Technology Change

Technology Change: Test, Test and Communicate

After identifying a technology update, the real work begins.

Continuing on the technology update theme we wrote about last week, we’re revisiting a panel held during the 2019 Faegre Baker Daniels Franchise Summit during which franchise leaders discussed their trials, tribulations and best practices for tech updates.

As is painfully obvious to just about every business owner or franchisee that has taken on a big technology update, the new doodads, gizmos, whatsits and thingamabobs aren’t always a panacea, but following a few steps when making a technology update can at least formalize the process.

The panelists shared a glimpse of the process: John Adams CEO of Grease Monkey International said he’s working through a dramatic shift away from machines to computers on wheels and everything his service concept needs to do to work on them; Susan Rather, co-owner of Brightstar said she’s trying to put more technology guardrails on the home-care and medical-staffing concept while balancing customer service; and Steve White, president of PuroClean U.S. and COO for the company said working with increasingly sophisticated insurers means getting franchisees to do more and more sophisticated operations as well.

Here’s what happens after deciding where to invest those technology dollars.

Test, Test and Test Some More

Obviously that new tech whiz-bang is meant to make the business better by making folks more efficient, get data to the right people, connecting systems or whatever. So making sure it lives up to the promises from the tech sales team is one thing, as is making sure that it doesn’t break at a critical time.

White said they leave plenty of time to make sure it works and addresses the core reasons they bought in before even telling the whole system.

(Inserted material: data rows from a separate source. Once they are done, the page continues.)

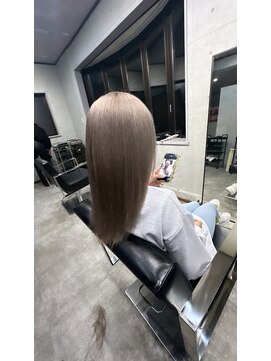 レーヴ(REVE) ストレートグレージュミディ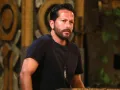 ‘Warrior’ escucha que Janette hace algunos comentarios sobre lo que está diciendo Edwin.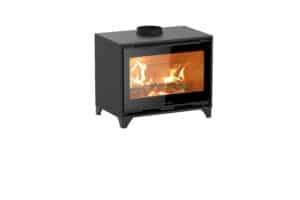 Poêle à bois moderne JOLLY MEC noir, sur pieds, avec flammes vives visibles à travers la grande vitre. Design contemporain et chaleureux.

“We only tell the franchisees when we know It will be 90 days. We found that all we did was disappoint ourselves and our franchisees if we jumped the gun. So its just making sure that you know the development cycle,” said White. “Then you go out and test, test, test. The people that we use for the test actually use the software, so pick people that will use the system and try the system, get people that will try to make it break to help you. Then use them to sell it.”

While a company is putting that new technology through its paces, it should also make sure things are secure. Paul Luehr, a partner at Fagre who helps companies figure out cybersecurity, bringing insight from his past life at the Federal trade Commission and the Department of Justice.

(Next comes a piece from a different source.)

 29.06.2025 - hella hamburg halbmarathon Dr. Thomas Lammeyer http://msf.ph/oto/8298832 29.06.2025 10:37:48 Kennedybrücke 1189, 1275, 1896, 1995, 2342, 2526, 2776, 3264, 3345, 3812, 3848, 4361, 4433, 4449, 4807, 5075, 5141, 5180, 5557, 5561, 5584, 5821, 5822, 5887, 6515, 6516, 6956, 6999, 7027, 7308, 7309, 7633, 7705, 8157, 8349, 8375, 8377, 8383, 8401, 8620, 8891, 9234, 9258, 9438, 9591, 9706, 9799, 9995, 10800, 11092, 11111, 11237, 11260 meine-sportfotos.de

For every update, there are serious security ripples that travel through the organization and down to consumers.

“From a legal perspective, I think it’s important to focus on personal information. If there’s a legal hot button issue, it’s not necessarily your overall sales figure, its not necessarily your marketing plan. Where you really end up in legal hot water is if you mishandle personal information,” said Luehr.

He said that testing phase is a great time to ID what data is necessary and what is being collected, especially when it comes to that sensitive personal data.

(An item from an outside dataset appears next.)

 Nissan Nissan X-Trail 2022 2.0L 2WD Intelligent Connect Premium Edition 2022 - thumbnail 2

“One thing I’d encourage you to do is called data mapping, where are you touching personal information?” said Luehr.

Companies also need to think about clean-up, if there is a data breach knowing how to measure the impact and alert the right people should be part of the test. But the time to do it is before it’s deployed, which would seem obvious, but in practice isn’t a universal practice.

“Build a little privacy and cybersecurity into everything you do,” said Luehr. “I can’t tell you how many times I’ve looked at an app after it’s been built. I want to look at that when it’s being built.”

Communicate Relentlessly

The final key to a successful technology change: communication. Transparent, ongoing and tailored communication is invaluable as the new technology working out in the business is likely to touch every facet from the franchisee to mangers and employees. Ideally, it works so well that folks are lining up to get updated, but they do have to know about it first.

“How are we going to talk to every franchisee? Some like videos, some like emails, some like phone calls, some like it at the conference. At the end of the day you have to do about every one of those to get in front of everyone,” said Adams.

At Brightstar, a new system promised to automate a lot of the heavy lifting for caregivers and took some guesswork out of the day-to-day job like geofencing the client’s home so caregivers couldn’t punch in at the Starbucks down the road. But she said one thing really got the system moving.

“One of the most important things we have is an automated incident tracker,” said Rather. “We turn that into marketing to show that we can prevent falls and hospital stays. Finally to get them on board it was how we can use the incident tracking.”

But not everybody read up on the tech update, when the company was switching over, there was a period of downtime that a lot of franchisees glossed right over.

“The update did not have billing for five days,” said Rather, noting that’s not usually a big deal in their long-term billing cycles, but there were some surprises. “I think 40 franchisees called and asked why they can’t do billing? So few people saw that change because they are drinking form the fire hose of information.”

And of course there’s a legal wrinkle in all that communication.

“Make sure you create written communications that tie it to the brand promise, that way you can mitigate issues with joint employer,” said Schnell.